Work to complete: All pictures are to be omitted while the lines starting at the line with "How to Activate" and ending at the line with "Welcome into the" in the material below are retyped exactly, both ends included.

Supplied records:
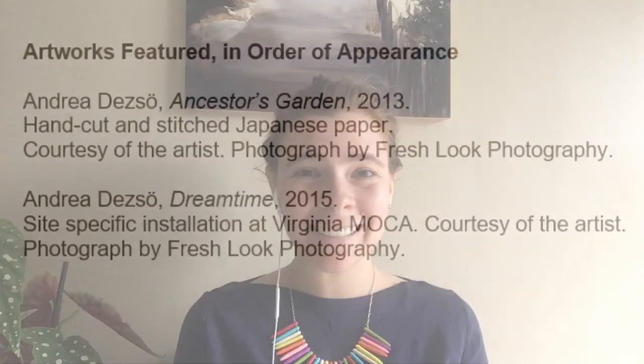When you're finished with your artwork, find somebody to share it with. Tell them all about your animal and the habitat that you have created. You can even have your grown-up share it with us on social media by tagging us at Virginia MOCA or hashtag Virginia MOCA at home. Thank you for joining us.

---

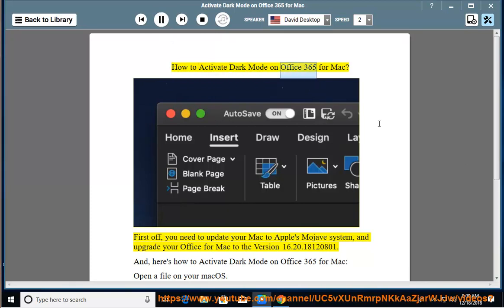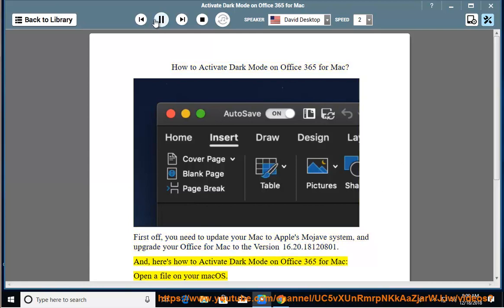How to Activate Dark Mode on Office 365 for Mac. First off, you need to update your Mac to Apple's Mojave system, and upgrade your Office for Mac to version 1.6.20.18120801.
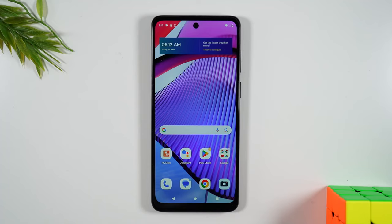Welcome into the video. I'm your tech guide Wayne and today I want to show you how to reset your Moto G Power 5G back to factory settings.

Task result:
How to Activate Dark Mode on Office 365 for Mac. First off, you need to update your Mac to Apple's Mojave system, and upgrade your Office for Mac to version 1.6.20.18120801.
Welcome into the video. I'm your tech guide Wayne and today I want to show you how to reset your Moto G Power 5G back to factory settings.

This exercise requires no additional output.